To me, this moment sums up the entire experience of watching this ambitious but flawed superhero film — every time we’re drawn into the simplistic but intriguing story of how Ra.One can only be vanquished by the game’s superhero G.One (also played by Shah Rukh), director Anubhav Sinha feels the desperate need to inject a dance number or a comical sequence or a melodramatic interlude into the narrative. It’s distracting from the superhero theme and more importantly, it makes the film clunky.
Once again, it’s Shah Rukh Khan’s sheer presence and energy, coupled with the narrative’s don’t-stop-to-think pace that makes Ra.One watchable despite its flaws. This is an event movie, a spectacle, not really a film. It’s 2 hours 35 minutes of special effects, action sequences and superficial romantic and emotional entanglements. You can see the ambition and imagination that the makers have poured into this movie, and while it thankfully doesn’t succumb to the kind of lazy film-making we’ve seen recently in Rascals, Bodyguard, Ready or the Golmaal films, Ra.One clearly suffers from a case of cramming in too much. Frankly, in all this, the superhero theme itself gets a bit lost — G.One’s committment is towards protecting his family from Ra.One, not saving the world from evil. In the process, he’s less of a superhero than Superman, Batman, Spiderman or even Krrish; G.One is more of a personal bodyguard with special powers.

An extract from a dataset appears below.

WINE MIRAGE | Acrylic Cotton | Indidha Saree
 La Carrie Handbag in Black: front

Yet adhering to the unwritten superhero rule, G.One too is born out of tragedy, when his creator Shekhar is killed by Ra.One. Strangely, despite the heavy funeral song, we’re barely convinced that wife and kid are grieving for Shekhar; so smoothly does G.One take his place in their lives. In their greed to make Ra.One an entertainment extravaganza, the writers inject innuendoes that come off as crass — like the thesis the so-called feminist wife is doing on Indian swear words, or the scene in which a gay airport security guard is turned on by G.One’s body piercings. The special appearances by Rajnikanth in a spoof of his own Robot, or a stylish early sequence featuring Sanjay Dutt and Priyanka Chopra only end up playing to the gallery. You’re also left wondering why there’s such an unhealthy obsession with the crotch, with so many scenes of grabbing, clutching, whacking or kicking it.

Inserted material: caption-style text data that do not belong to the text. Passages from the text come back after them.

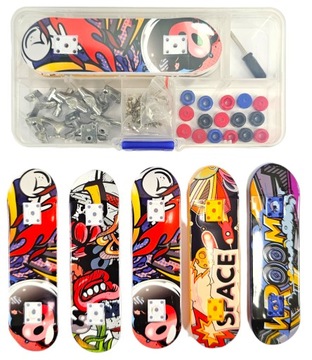 Fingerboard міні палець скейтборд X5 іграшка скейтпарк флеш-карти мікс конструкцій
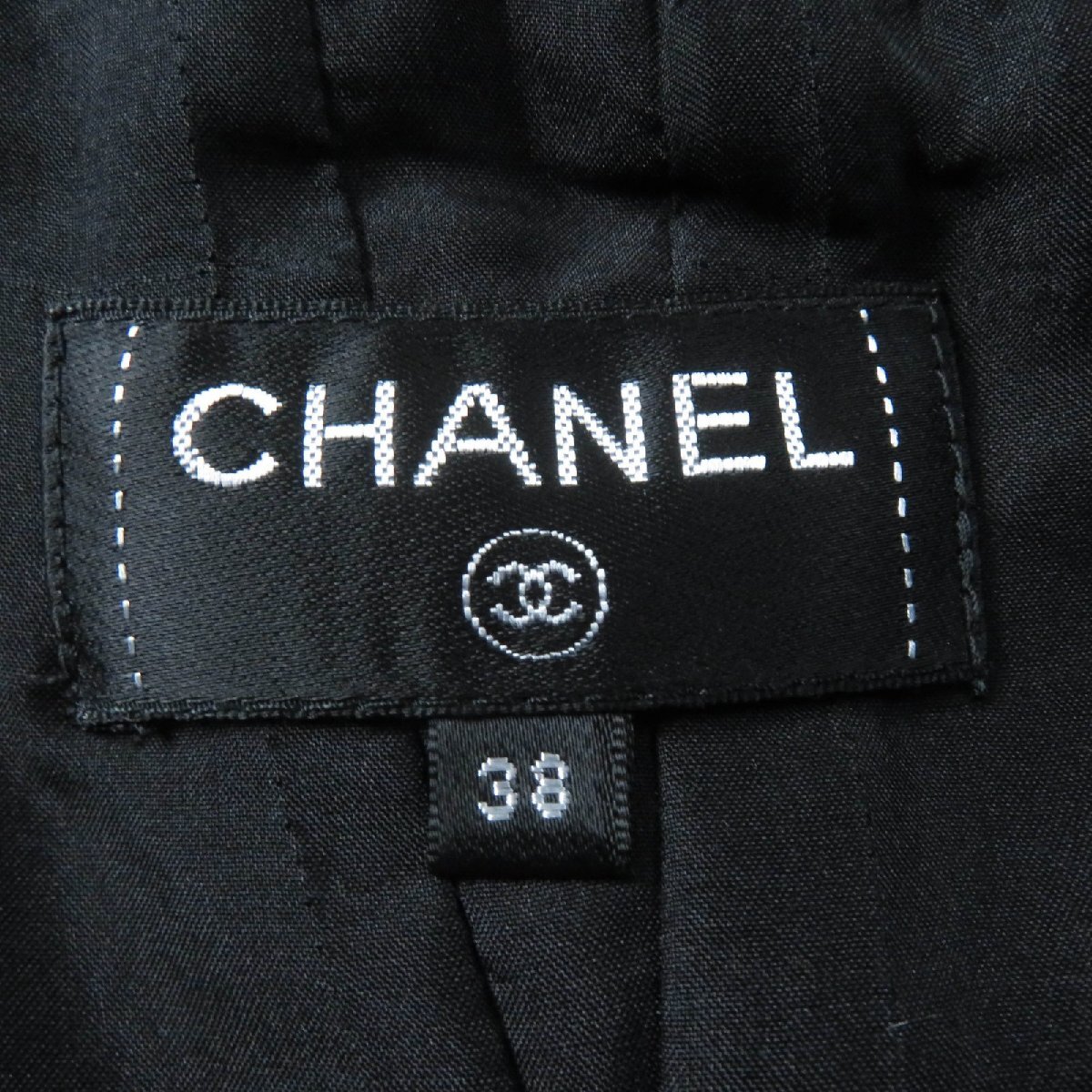 極美品☆CHANEL シャネル P54700V30847 ウール ロゴプレート ツイード ガウチョパンツ ワイドパンツ ブラック 38 仏制 正規(guī)品 レディース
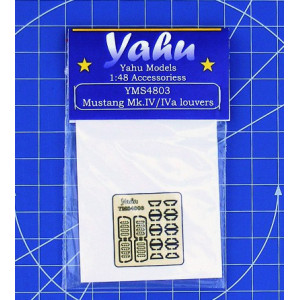 Photo-etched Mustang Mk.IV/IVa louvers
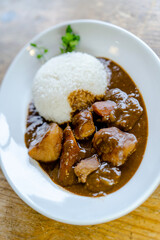 具が大きいカレー。日本の一般的な料理。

Ra.One heavily references films like Last Action Hero, The Matrix, Iron Man, X-Men and Terminator-2, yet there is a certain thrill attached to the action sequences. A car chase through London’s streets is rivaled by a local-train sequence in India where G.One leaps from one bogie to another. There’s also the mind-boggling sight of the beautiful Gothic structure of Mumbai’s Chhatrapati Shivaji Terminus crumbling as the train ploughs right through it. These portions make up for the long-drawn climatic battle between Ra.One and G.One fought in a rather tacky virtual world.
The only real standout performance is by Shah Rukh Khan. His Aiyyo-speaking Shekhar Subramaniam is caricaturish but charming, while as G.One, he gives even his robotic video-game character a charismatic edge. Kareena Kapoor, as Shekhar’s wife, provides the glamorous oomph factor as she shimmies to that fantastic number Chamak Challo, while Arjun Rampal makes a menacing Ra.One. However, too much screen time is wasted on the long-haired Armaan Verma who plays Shekhar’s son, while Shahana Goswami playing a video game developer, inexplicably vanishes from the screen midway through the story.

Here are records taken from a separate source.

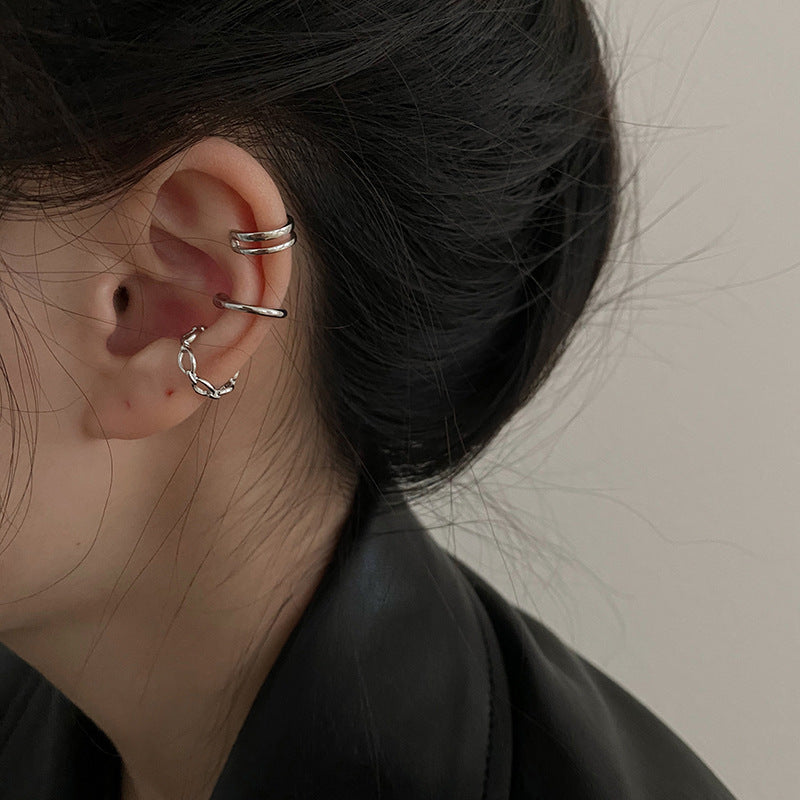 High-grade Chain No Pierced Female Elegance Retro Ear Clip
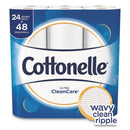 Cottonelle Ultra Cleancare Toilet Paper, Strong Tissue, Septic Safe, 1 Ply, White, 170 Sheets/Roll, 24 Rolls/Pack, 2 Packs/Carton - KCC47766 2.00% Off Auto renew - TotalRestroom.com
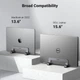 Настольная вертикальная подставка для ноутбука Ugreen LP258 Vertical Laptop Stand Gray (UGR-20471) - изображение 4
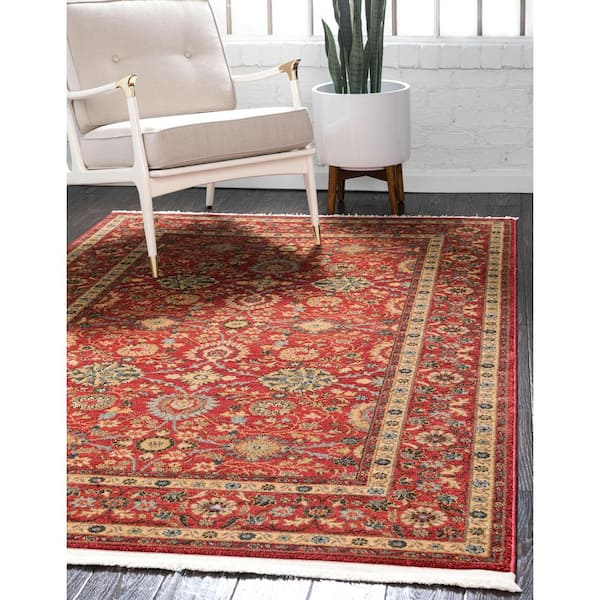 Edinburgh Monroe Red 6' 0 x 9' 0 Area Rug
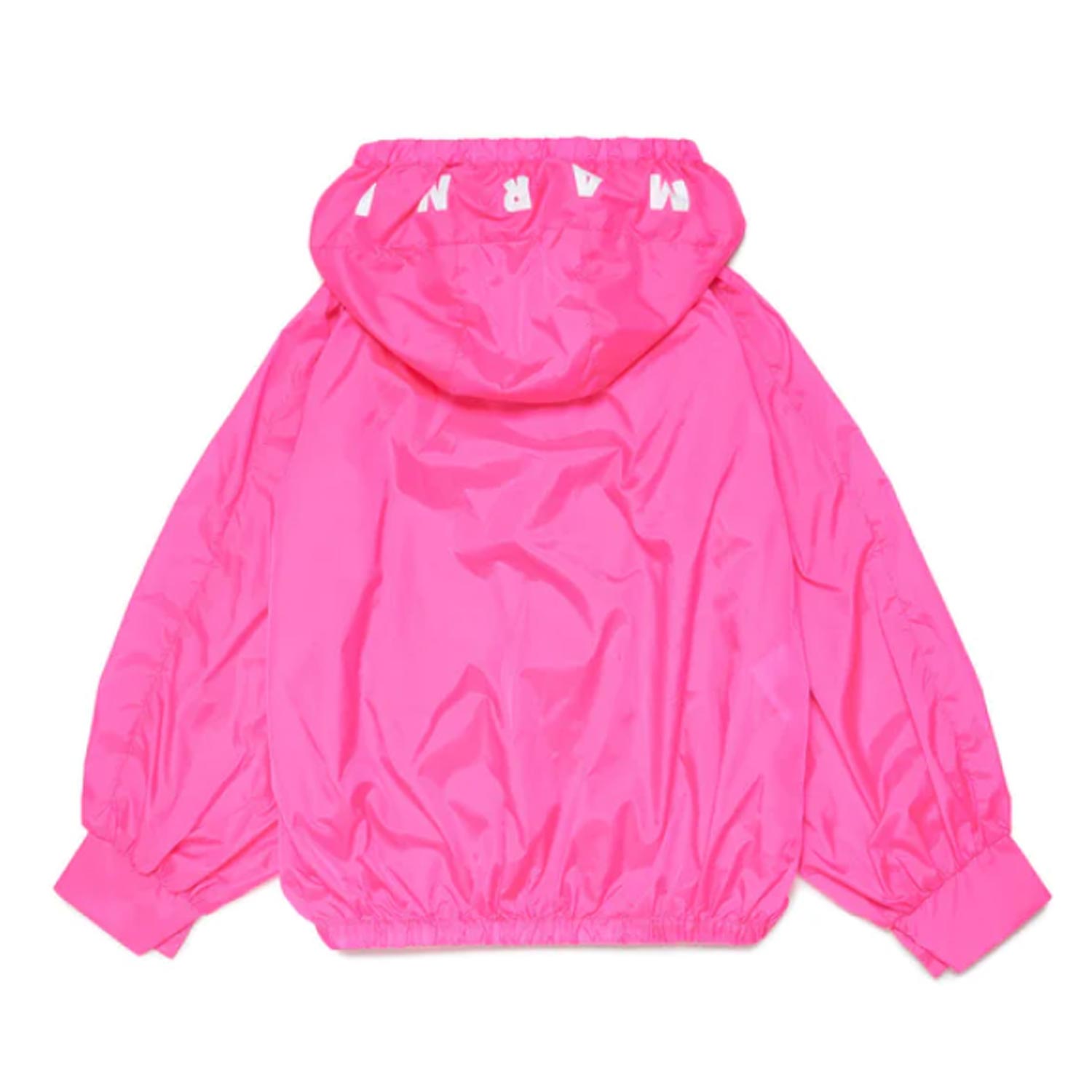 GIACCA IMPERMEABILE ROSA FLUO CON CAPPUCCIO - annameglio.com abbigliamento moda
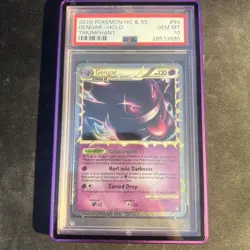 Pokemon Gengar Holo HGSS Triumphant Card 94/102 PSA 10 GEM MINT - Image 1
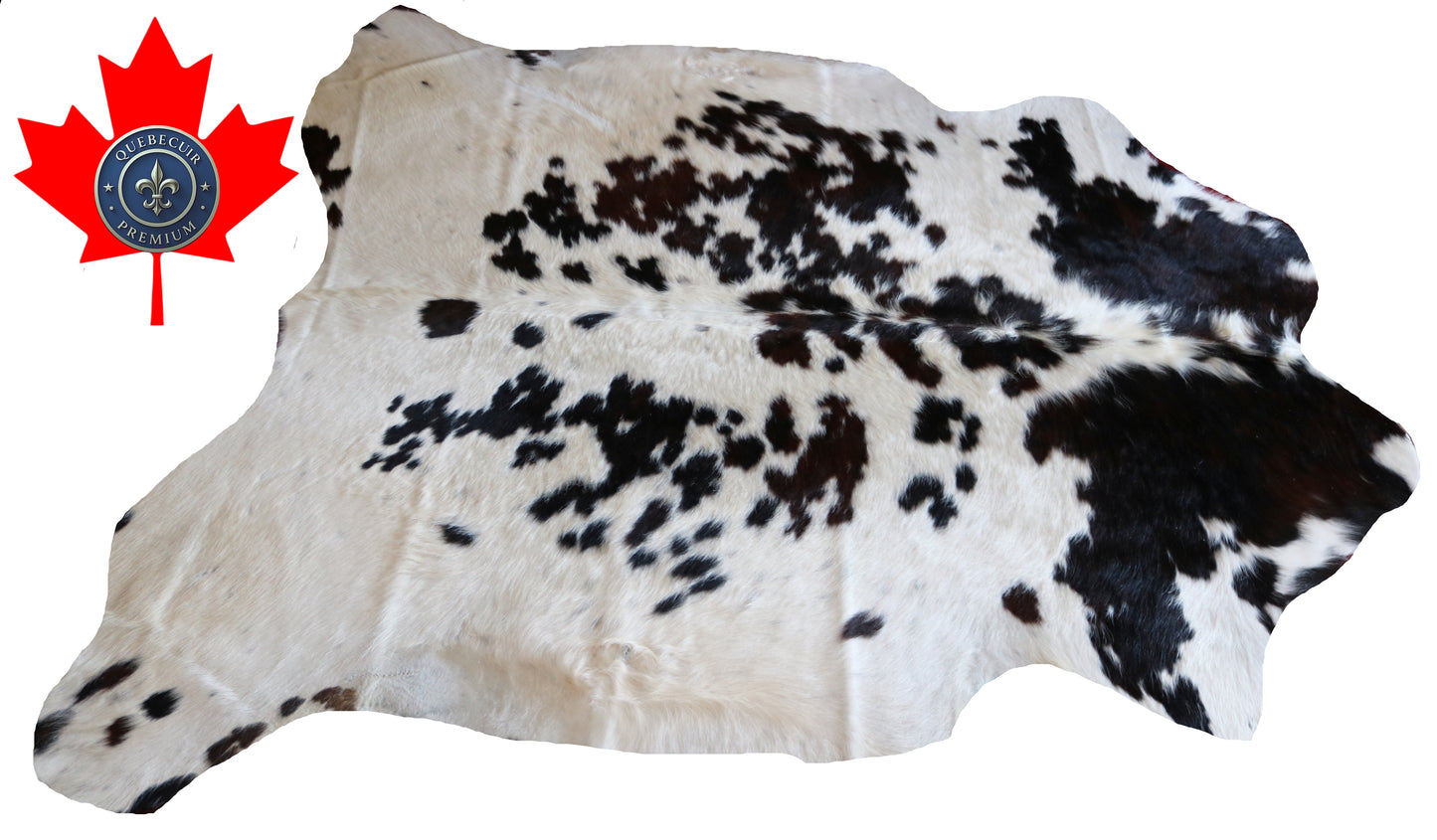 100170-  Tricolor Cowhide Rug - Quebecuir Premium Collection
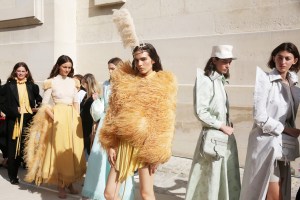Backstage at Nina Ricci RTW Spring 2018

What’s missing from Ra.One is a sure-footed director’s touch. Anubhav Sinha fails to bring all the elements together, and while this superhero film has plenty sound and fury, it’s sorely lacking slickness. I’m going with two and a half out of five for Ra.One. Like the spaghetti and curds concoction that Shah Rukh digs into in an early scene, Ra.One is clearly an acquired taste.